Maturity assessments can be conducted by organisations to determine their maturity level and further identify the criteria and characteristics they need to fulfil in order to reach a new desired level of maturity associated with an improved level of performance in Portfolio Management. Assessments can be conducted both before embarking on a journey to implement Portfolio Management and afterwards feeding the continual improvement cycle.
Low levels of portfolio management maturity are characterised by low awareness and only basic knowledge of the concepts of portfolio management, and no clear appreciation of its value. Any efforts in establishing a portfolio are based on ad hoc efforts usually aiming at simply creating an inventory of ongoing organisational initiatives. But the results are often partial and of low quality and value. Due to the lack of a process, the portfolio activities are often one-off, the portfolios are not maintained, and they very quickly become out of date and irrelevant (or damaging) to management decisions as they can provide a partial (or false) representation of reality. This state is often reinforced by management deficiency and lack of management accountability towards poor organisational performance.
As some portfolio management domain knowledge is developed, simple portfolio management processes may be followed, but they are usually introduced and applied as the result of the initiative of individuals with some prior experience in the domain. However, the processes followed are intuitive and not clearly defined, neither are they repeatable, measurable, or common within the organisation. The quality of portfolio management is varied, and depends greatly on the efforts, interest and expertise of the people involved. Furthermore, the portfolio composition is simplistic, without adequate and objective criteria for evaluation, selection, prioritisation, and capacity planning. Finally, there is no clear definition and allocation of roles, responsibilities, and accountabilities, namely who does what and who is accountable for the results (i.e. success or failure).
The intermediate levels of maturity are characterised by good knowledge of portfolio management within the organisation, and a clear portfolio orientation. Standardised portfolio management processes are available for use organisation-wide, which is the result of an investment towards defining a portfolio management approach. A portfolio culture becomes gradually embedded within the organisation, with the buy-in and the involvement of both senior management, programme, projects practitioners as well as service, products, and operations management, while the management processes used in these domains are beginning to be aligned with one another. However, while the accountability of the management of portfolios and their results are recognised and clearly assigned, there are no defined metrics to assess the performance of the portfolio management process itself, and therefore no managed continual improvement goals or possibility exists.

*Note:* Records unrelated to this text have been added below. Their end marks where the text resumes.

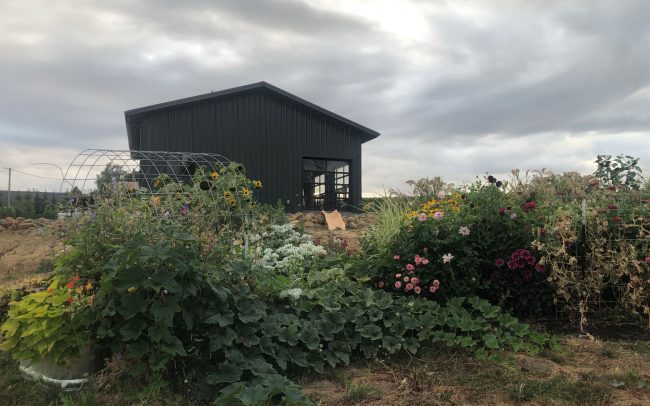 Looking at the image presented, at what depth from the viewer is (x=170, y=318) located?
2287 mm

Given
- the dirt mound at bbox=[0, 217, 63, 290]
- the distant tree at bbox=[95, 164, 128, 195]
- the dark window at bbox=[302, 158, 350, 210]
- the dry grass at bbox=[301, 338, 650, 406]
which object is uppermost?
the dark window at bbox=[302, 158, 350, 210]

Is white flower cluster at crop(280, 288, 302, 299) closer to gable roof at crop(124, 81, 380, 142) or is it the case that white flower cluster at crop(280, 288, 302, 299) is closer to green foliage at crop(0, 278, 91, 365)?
green foliage at crop(0, 278, 91, 365)

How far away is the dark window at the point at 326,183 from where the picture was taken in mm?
14781

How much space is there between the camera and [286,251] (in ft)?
15.9

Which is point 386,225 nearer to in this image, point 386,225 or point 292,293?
point 386,225

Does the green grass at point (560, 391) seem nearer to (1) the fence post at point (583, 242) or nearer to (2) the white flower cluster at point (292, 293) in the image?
(2) the white flower cluster at point (292, 293)

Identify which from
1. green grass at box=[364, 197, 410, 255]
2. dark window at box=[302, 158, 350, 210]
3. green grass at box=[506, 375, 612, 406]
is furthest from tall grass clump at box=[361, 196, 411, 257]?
dark window at box=[302, 158, 350, 210]

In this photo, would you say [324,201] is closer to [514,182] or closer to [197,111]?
[197,111]

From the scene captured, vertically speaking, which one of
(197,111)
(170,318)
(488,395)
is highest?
(197,111)

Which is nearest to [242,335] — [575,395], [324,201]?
[575,395]

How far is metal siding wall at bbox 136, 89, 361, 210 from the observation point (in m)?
13.2

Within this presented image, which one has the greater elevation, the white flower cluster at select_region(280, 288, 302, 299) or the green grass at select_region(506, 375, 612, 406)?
the white flower cluster at select_region(280, 288, 302, 299)

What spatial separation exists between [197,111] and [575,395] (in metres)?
12.6

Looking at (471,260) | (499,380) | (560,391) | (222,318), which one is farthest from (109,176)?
(560,391) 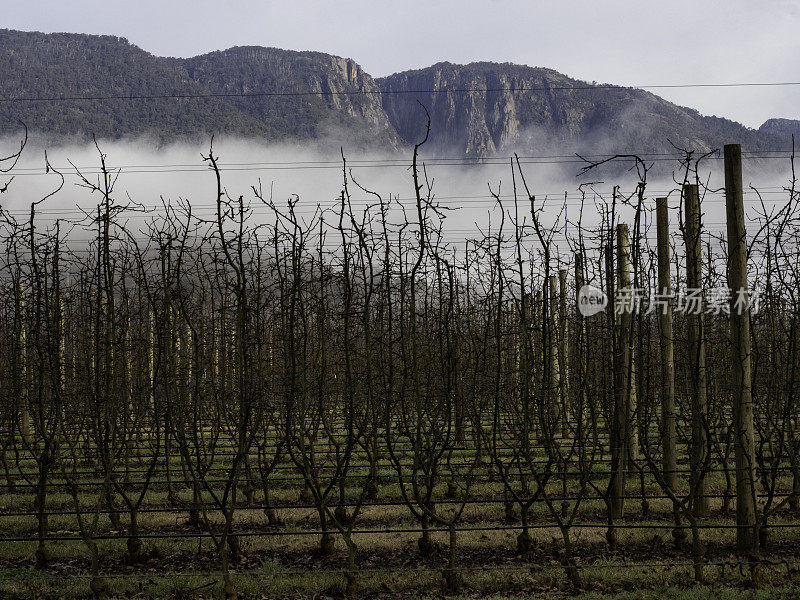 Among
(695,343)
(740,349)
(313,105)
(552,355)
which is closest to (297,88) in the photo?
(313,105)

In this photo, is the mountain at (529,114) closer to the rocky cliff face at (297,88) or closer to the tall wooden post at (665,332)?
the rocky cliff face at (297,88)

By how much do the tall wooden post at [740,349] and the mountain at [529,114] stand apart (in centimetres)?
10609

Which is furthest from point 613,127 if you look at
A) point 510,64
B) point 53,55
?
point 53,55

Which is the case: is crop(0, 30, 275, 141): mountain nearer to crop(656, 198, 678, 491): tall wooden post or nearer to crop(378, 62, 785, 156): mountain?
crop(378, 62, 785, 156): mountain

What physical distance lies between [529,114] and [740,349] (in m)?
133

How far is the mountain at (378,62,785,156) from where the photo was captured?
111500mm

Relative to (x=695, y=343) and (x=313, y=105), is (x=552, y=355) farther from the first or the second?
(x=313, y=105)

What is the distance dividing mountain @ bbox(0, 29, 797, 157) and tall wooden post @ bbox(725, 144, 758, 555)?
264ft

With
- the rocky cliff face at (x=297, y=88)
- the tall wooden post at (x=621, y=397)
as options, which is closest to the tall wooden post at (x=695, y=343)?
the tall wooden post at (x=621, y=397)

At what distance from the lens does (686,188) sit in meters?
7.81

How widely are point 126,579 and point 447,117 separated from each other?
134577 millimetres

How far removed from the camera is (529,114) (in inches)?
5217

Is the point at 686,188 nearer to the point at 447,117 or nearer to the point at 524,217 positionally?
the point at 524,217

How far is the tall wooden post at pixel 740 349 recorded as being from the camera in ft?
20.6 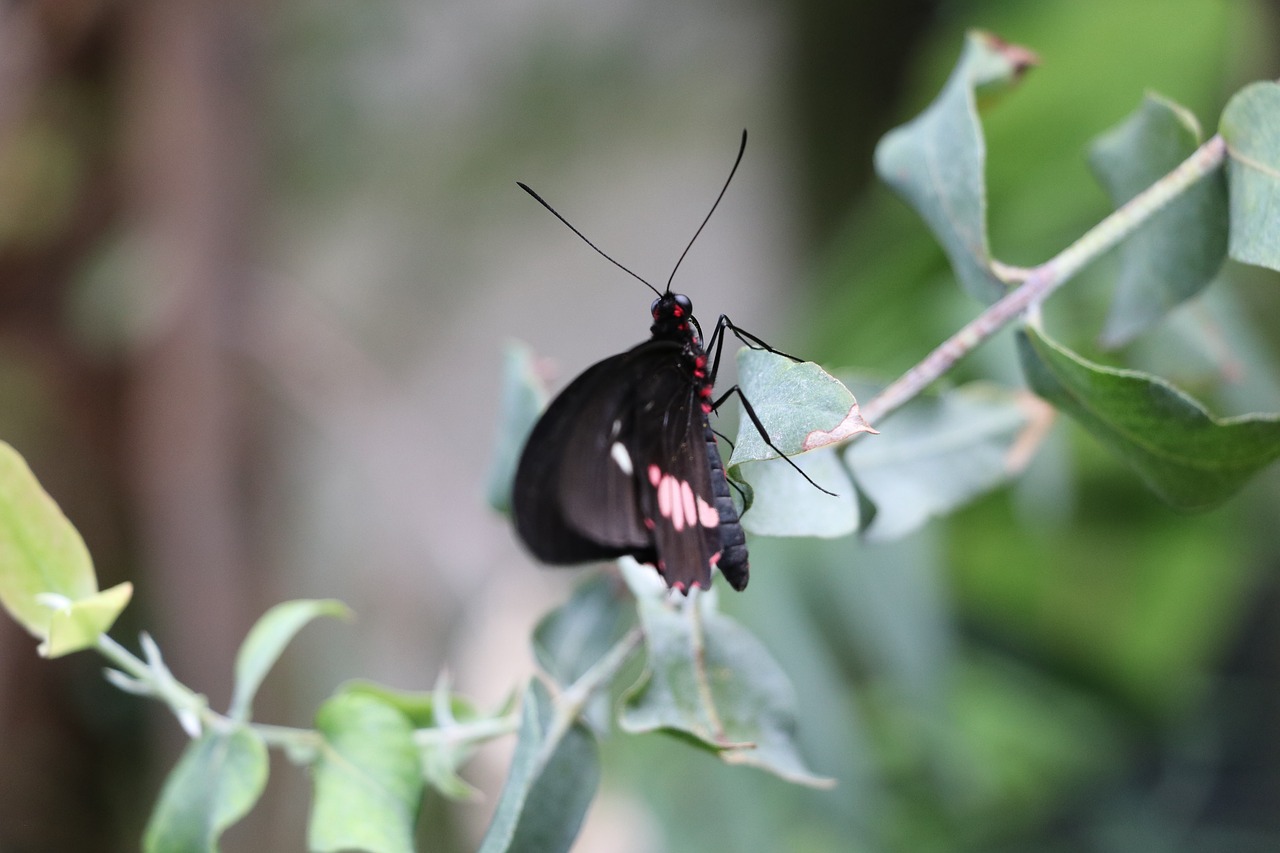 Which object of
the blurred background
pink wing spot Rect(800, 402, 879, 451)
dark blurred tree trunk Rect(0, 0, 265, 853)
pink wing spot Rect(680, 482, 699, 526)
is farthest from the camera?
dark blurred tree trunk Rect(0, 0, 265, 853)

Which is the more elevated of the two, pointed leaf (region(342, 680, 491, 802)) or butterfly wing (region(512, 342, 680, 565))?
butterfly wing (region(512, 342, 680, 565))

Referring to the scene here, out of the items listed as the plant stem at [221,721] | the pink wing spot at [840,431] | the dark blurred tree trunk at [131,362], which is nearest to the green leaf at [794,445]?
the pink wing spot at [840,431]

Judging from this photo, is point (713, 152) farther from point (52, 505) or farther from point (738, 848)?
point (52, 505)

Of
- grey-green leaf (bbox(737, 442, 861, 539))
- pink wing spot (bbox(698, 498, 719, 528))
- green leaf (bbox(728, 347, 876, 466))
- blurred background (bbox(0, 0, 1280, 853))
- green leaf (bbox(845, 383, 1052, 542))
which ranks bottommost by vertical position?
blurred background (bbox(0, 0, 1280, 853))

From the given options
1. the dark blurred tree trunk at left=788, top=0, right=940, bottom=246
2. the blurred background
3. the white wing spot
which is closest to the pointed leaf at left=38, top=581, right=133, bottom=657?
the white wing spot

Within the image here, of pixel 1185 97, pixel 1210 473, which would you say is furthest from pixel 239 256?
pixel 1210 473

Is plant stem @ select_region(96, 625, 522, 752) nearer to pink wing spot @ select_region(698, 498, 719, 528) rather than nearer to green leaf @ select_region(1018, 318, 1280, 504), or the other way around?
pink wing spot @ select_region(698, 498, 719, 528)

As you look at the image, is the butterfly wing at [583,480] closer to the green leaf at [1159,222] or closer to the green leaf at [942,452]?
the green leaf at [942,452] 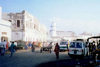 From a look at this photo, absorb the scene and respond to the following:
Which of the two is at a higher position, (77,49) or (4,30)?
(4,30)

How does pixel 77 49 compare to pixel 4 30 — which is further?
pixel 4 30

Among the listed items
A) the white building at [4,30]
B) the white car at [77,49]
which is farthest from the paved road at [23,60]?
the white building at [4,30]

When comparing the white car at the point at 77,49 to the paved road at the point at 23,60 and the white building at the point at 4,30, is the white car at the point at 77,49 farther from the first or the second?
the white building at the point at 4,30

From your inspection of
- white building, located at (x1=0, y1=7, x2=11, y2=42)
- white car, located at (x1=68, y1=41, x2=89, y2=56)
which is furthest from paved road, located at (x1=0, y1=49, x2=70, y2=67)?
white building, located at (x1=0, y1=7, x2=11, y2=42)

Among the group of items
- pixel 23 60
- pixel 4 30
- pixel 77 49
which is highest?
pixel 4 30

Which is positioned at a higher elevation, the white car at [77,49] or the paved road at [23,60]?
the white car at [77,49]

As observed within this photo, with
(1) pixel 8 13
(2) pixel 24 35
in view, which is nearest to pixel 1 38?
(2) pixel 24 35

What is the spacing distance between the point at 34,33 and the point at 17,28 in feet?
36.1

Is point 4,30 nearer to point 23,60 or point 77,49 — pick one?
point 77,49

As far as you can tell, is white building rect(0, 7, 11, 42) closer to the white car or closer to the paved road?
the paved road

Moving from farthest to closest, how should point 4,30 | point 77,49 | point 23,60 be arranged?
1. point 4,30
2. point 77,49
3. point 23,60

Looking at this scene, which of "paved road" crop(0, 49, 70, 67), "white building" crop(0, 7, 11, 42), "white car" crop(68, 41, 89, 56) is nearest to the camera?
"paved road" crop(0, 49, 70, 67)

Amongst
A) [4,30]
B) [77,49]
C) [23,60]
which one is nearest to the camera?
[23,60]

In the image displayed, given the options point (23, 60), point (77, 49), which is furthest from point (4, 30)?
point (23, 60) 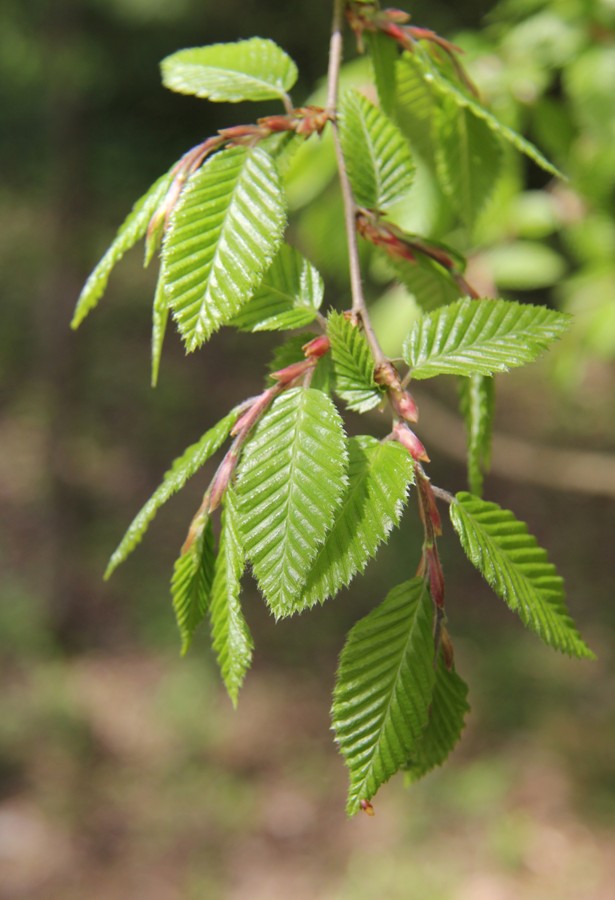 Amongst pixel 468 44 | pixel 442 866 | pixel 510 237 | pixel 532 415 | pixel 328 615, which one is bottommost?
pixel 532 415

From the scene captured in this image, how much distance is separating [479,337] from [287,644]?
4.30 meters

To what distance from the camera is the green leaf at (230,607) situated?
2.07 feet

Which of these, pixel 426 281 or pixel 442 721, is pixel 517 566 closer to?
pixel 442 721

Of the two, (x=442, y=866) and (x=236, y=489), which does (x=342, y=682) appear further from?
(x=442, y=866)

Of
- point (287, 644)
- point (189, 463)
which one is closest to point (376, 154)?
point (189, 463)

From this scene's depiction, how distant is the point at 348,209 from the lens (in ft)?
2.67

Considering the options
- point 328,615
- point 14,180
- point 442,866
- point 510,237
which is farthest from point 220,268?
point 14,180

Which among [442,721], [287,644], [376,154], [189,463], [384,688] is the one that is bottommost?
[287,644]

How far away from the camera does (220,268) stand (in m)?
0.68

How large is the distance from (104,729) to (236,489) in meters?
3.90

At the higher levels of maturity, organisation-wide portfolio management is achieved to a considerable extent, while the results of portfolios (and their components) influence many management processes and decisions within the organisation. A portfolio culture is well established in the organisation and driven by all management levels, while the portfolio, the programme, project, service, product development and operational lifecycles are well integrated. In addition, effective performance KPIs are set to measure the quality of the various portfolio management processes as well as their results. At this level, the portfolio management process is now considered to be managed.
Based on the analysis of the performance data collected from portfolio systems and stakeholders, process improvement actions can be devised, and their execution formally and systematically planned and controlled. Improvement becomes primarily process and data driven and decreasingly dependent on the initiatives and ideas of the people involved. This is part of the continual improvement process which assures the increased quality and effectiveness of the portfolio management process and its outputs. The result is a high performance and holistic portfolio management approach, with aligned systems, tools, and experts collaborating across organisational departments and disciplines. At this highest level of maturity, portfolio management is optimised to the needs of the organisation and its artefacts and outputs provide adequate assurance that the organisation’s portfolio management is fulfilling its purpose.